Learning to ride a unicycle involves quite a bit of falling off.
This can be quite surprisingly painful ...
However, with the new BorgCo unicycle training system, grazed knees and bruised elbows are a thing of the past.
The system consists of three high-speed power winches, which can be mounted
indoors (in a sports centre, perhaps) or outdoors (on specially constructed posts or towers.
The three winches form an equilateral triangle, and the cables join at a single point where a special connection fixture is attached. Descending from the fixture is a length of webbing, with a carabiner on the end. Also on the fixture is a ring of infrared transponders, pointing downwards; above, a multifaceted laser reflector.
The position of the fixture in x,y and z planes is constantly determined by pulsed scanning lasers fixed above the winch positions. This means the fixture can be triangulated with extreme accuracy.
The user wears a helmet with IR reflectors on the upper surface. This means the fixture can constantly and accurately determine the position of the user with respect to the fixture.
In operation, the user dons the helmet and a fall-arrest webbing harness. Pressing a button on the remote control causes the carabiner to be lowered so that it can be hooked onto the harness loop.

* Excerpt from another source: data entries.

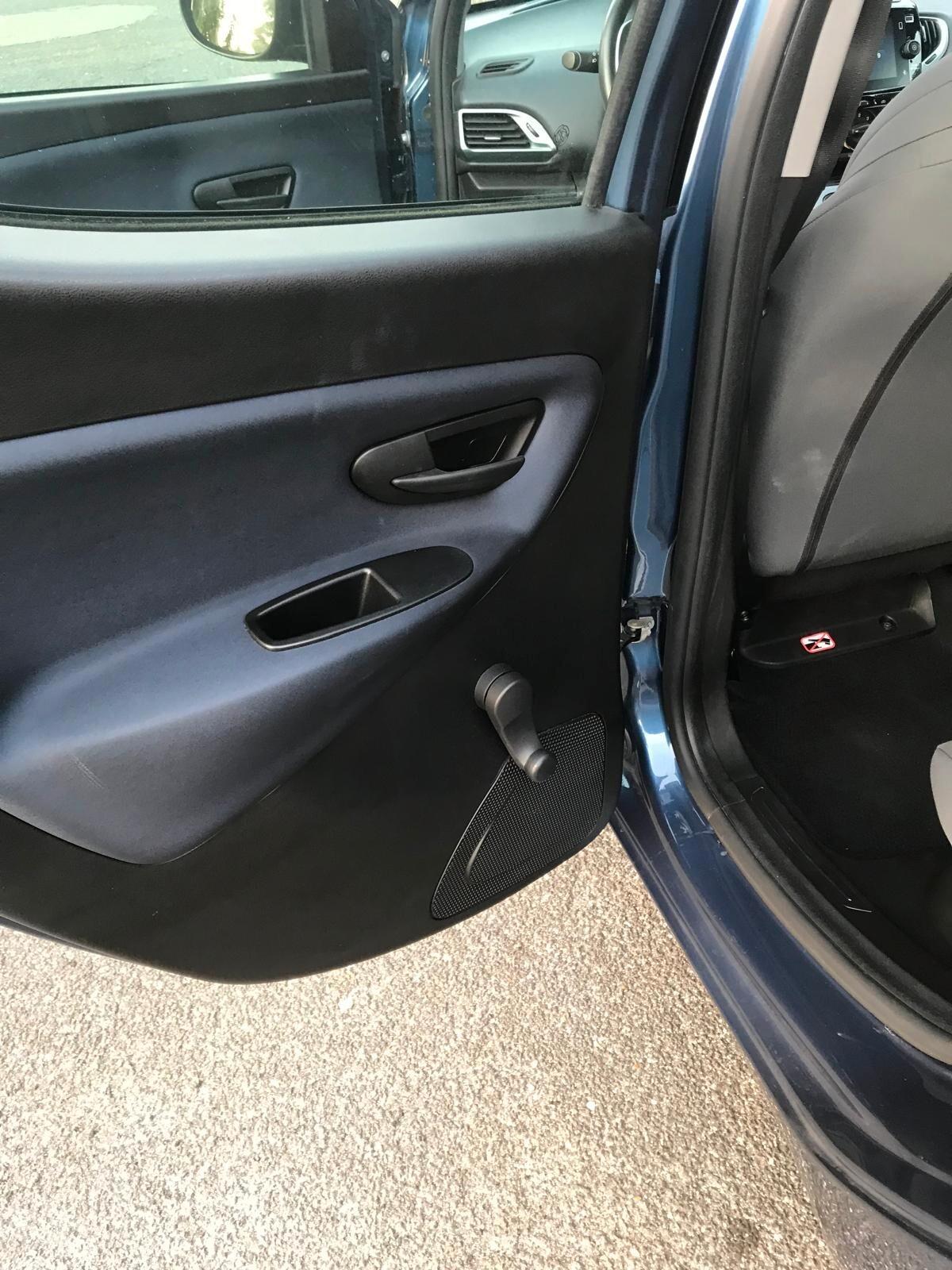 Lancia Ypsilon 1.0 FireFly 5 porte S&S Hybrid Gold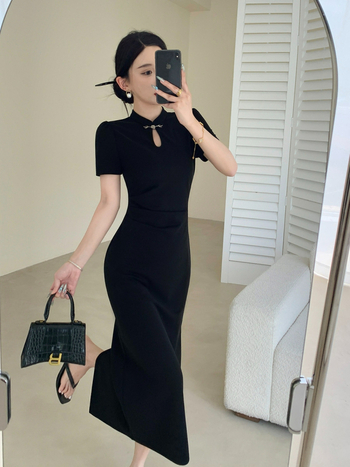 Crna ženska haljina u kineskom stilu cheongsam, kratki rukavi, ljetni model 2024, naglašena linija struka, duga haljina, mala veličina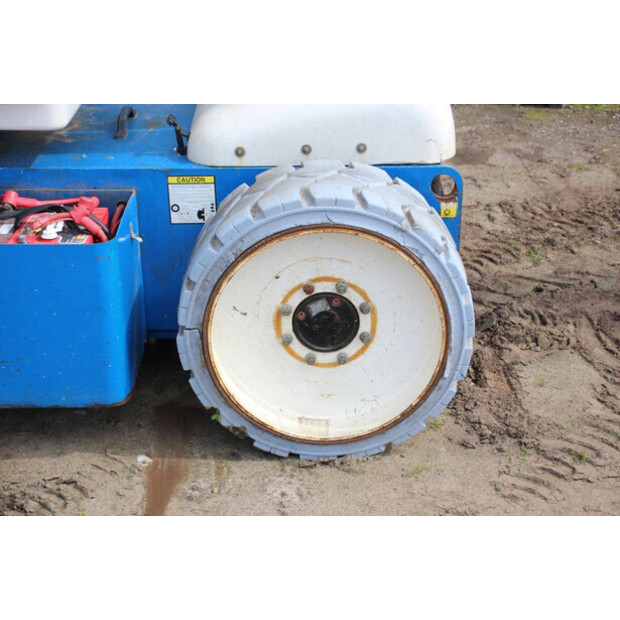 2011 NIFTY HR15 NDE-46771232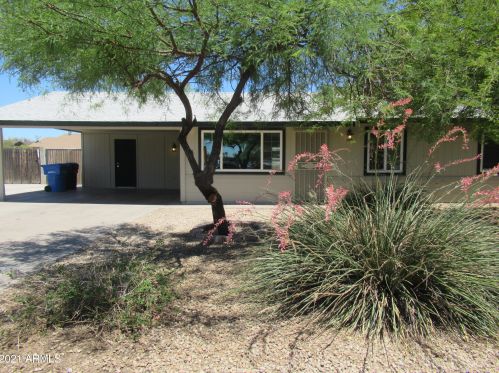 6819 Beatrice St, Phoenix, AZ 85043-2361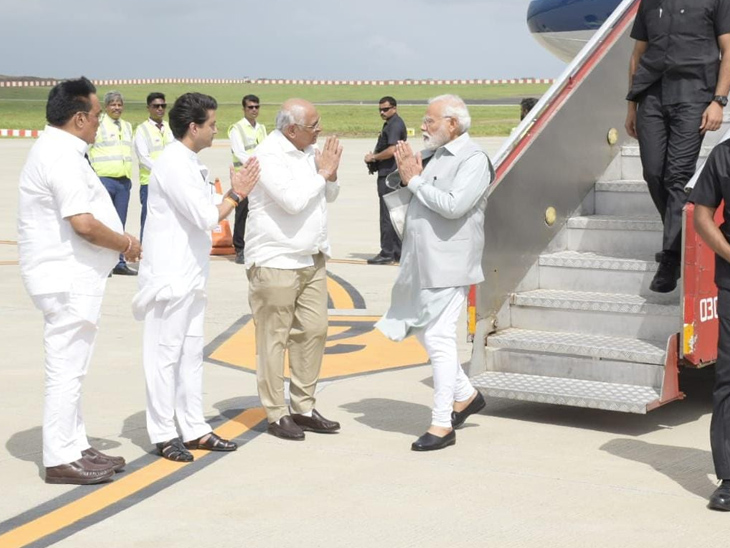 PM Modi in Gujrat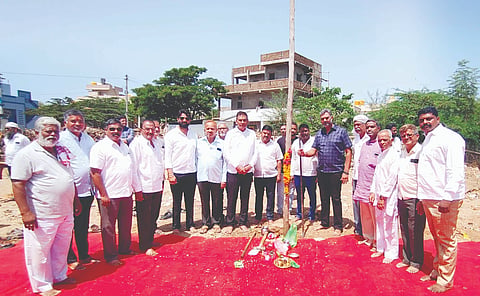 ಸವದತ್ತಿ ನಗರದಲ್ಲಿ ಗ್ರಾಮದೇವಿ ಜಾತ್ರೆ ಅಂಗವಾಗಿ ಮಂಟಪ ಹಾಕುವ ಕಾರ್ಯಕ್ಕೆ ಶಾಸಕ ವಿಶ್ವಾಸ ವೈದ್ಯ ಭೂಮಿಪೂಜೆ ನೆರವೇರಿಸಿದರು. ವಿರೂಪಾ ಮಾಮನಿ, ಅಡಿವೆಪ್ಪ ಬಿಳಗಿ, ಬಸವರಾಜ ಕಾರದಗಿ, ಅಶ್ವತ್ಥ ವೈದ್ಯ ಇತರರಿದ್ದರು.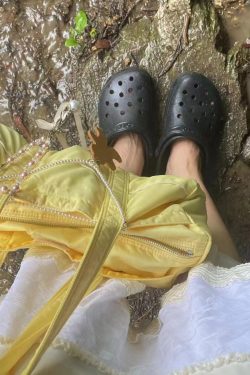 Korean-Style Large-Capacity Casual Travel Bag, Versatile Cylindrical Handbag for Shoulder and Underarm Use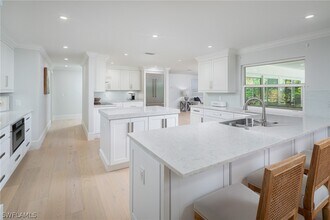 635 Fountainhead Ln in Naples, FL - Building Photo - Building Photo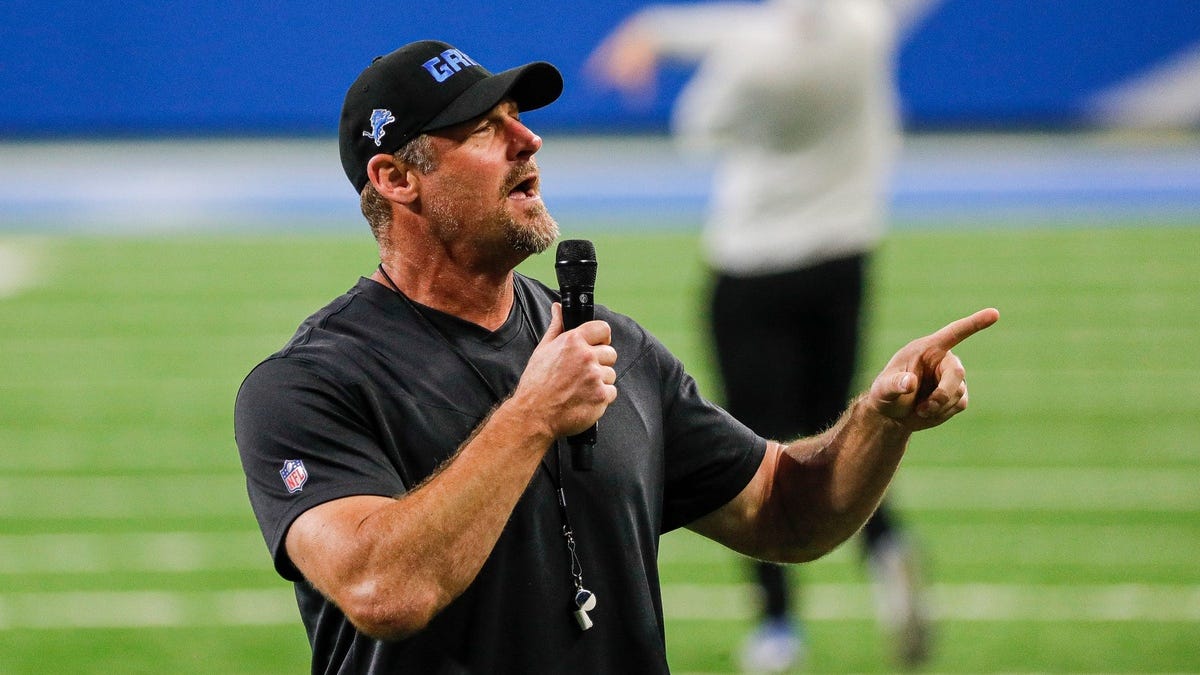 Hard Knocks Highlights: Campbell, Staley, Hutchinson star in Episode 1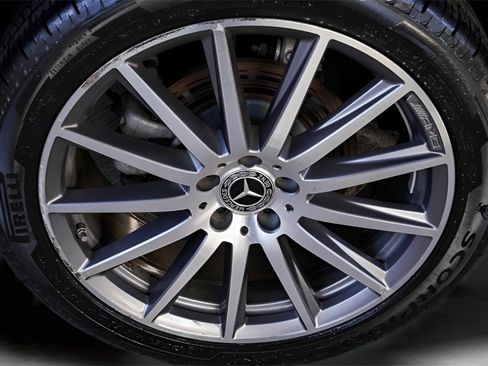 Used 2021 Mercedes-Benz GLB 250 GLB 250 image 17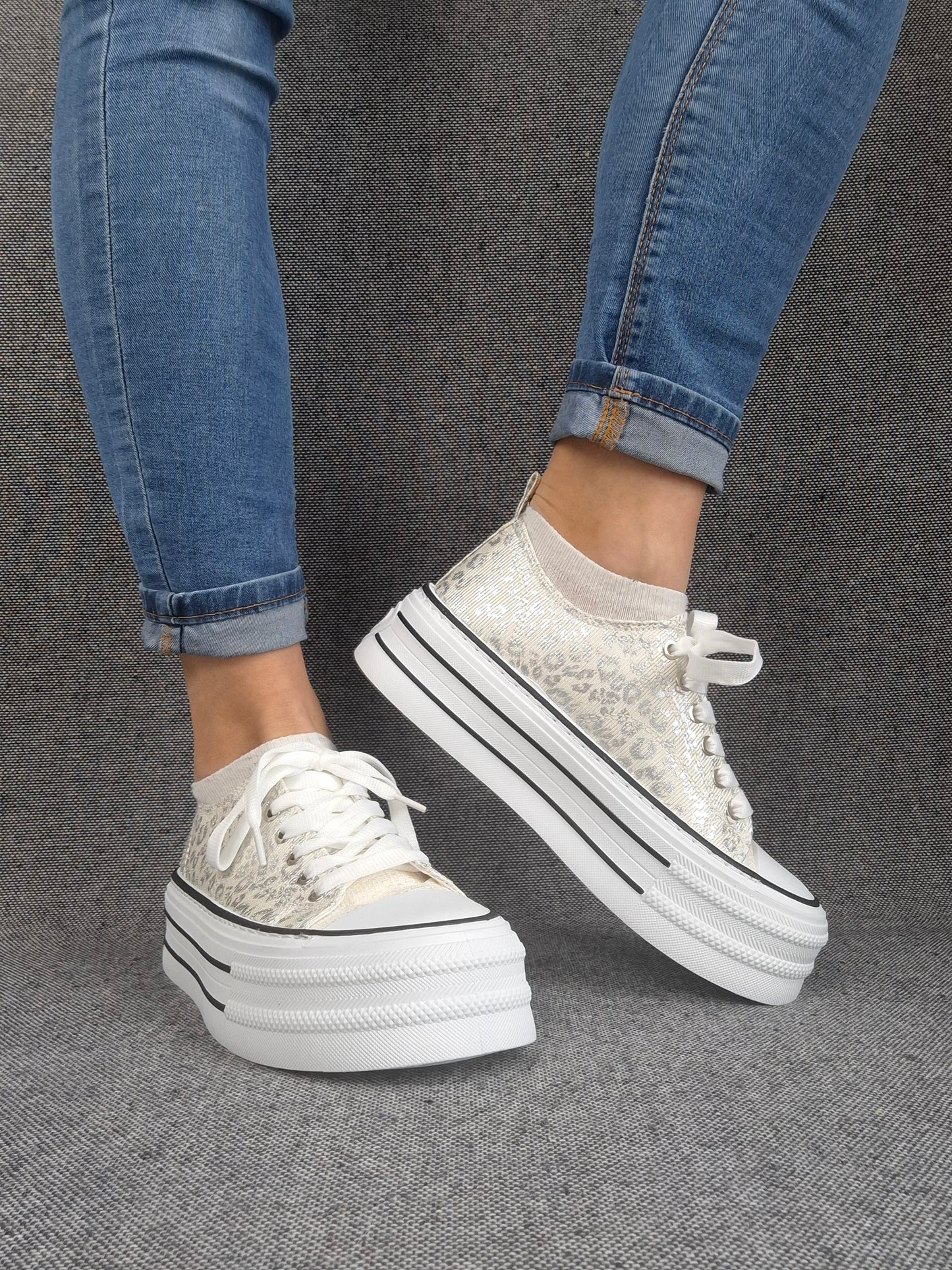 Chaussures baskets basses semelle compensée tissu motif léopard argenté style converse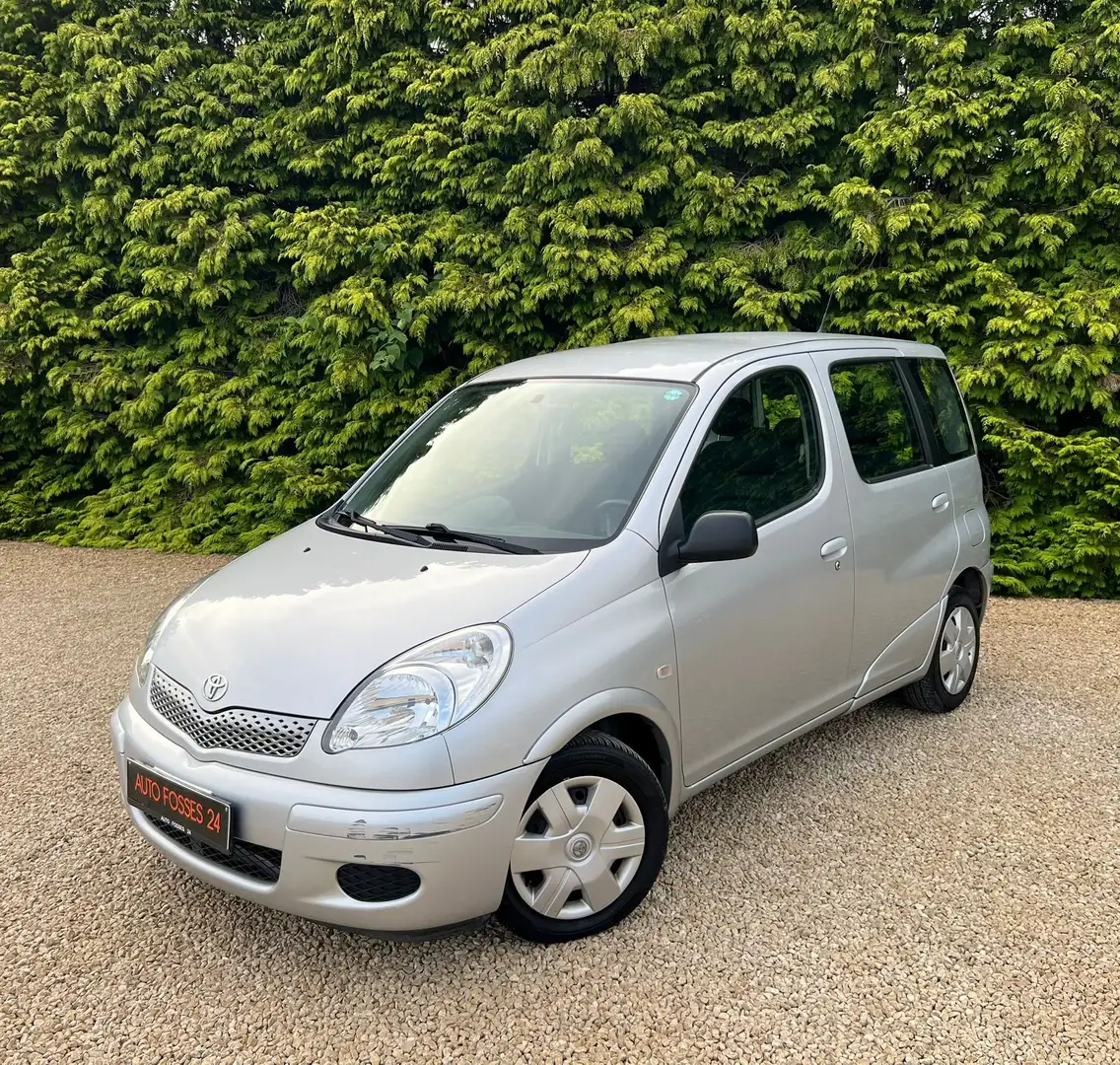 Toyota Yaris Verso 1.3i VVT-i 16v Linea Luna AIRCO GARANTIE 1AN Plateado - 1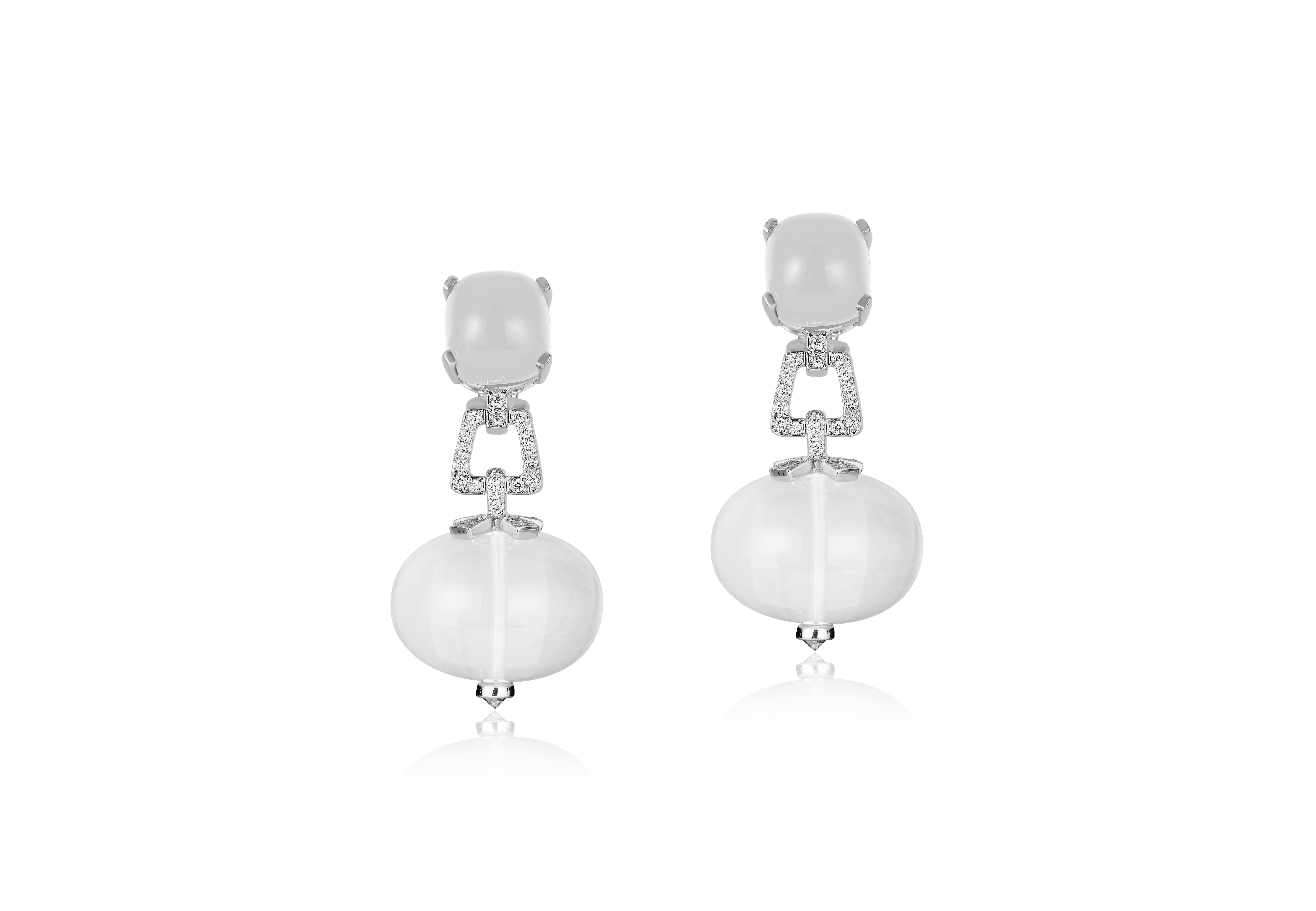 Contemporain Goshwara Boucles d'oreilles en perles de quartz coussin et émeraude taille coussin avec diamants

The would-be rider then pushes the "activate" button. The winches retract so as to remove all slack from the webbing, but not to place any tension on it.
The rider mounts the unicycle; their change of position is immediately detected, and the winches reel in further, keeping the webbing at the right length.
As the rider moves around, the winches reel in or out as required, always keeping the slack out of the link webbing, but never applying tension, the fixture always being positioned directly above the suspension point of the harness by coordinating the data from the lasers on the winches and the IR scanners aimed at the rider's hat, and possibly shoulder pads.
The rider is in fact unaware that the system is operating ... until they fall off.
At this point, the system is triggered by their sudden acceleration, and reels out - but slowly. The support strap goes taut, supporting the rider, but does not "snatch".
The unicycle crashes to the ground, and a few seconds later the rider is gently lowered onto their feet nearby, ready for another go.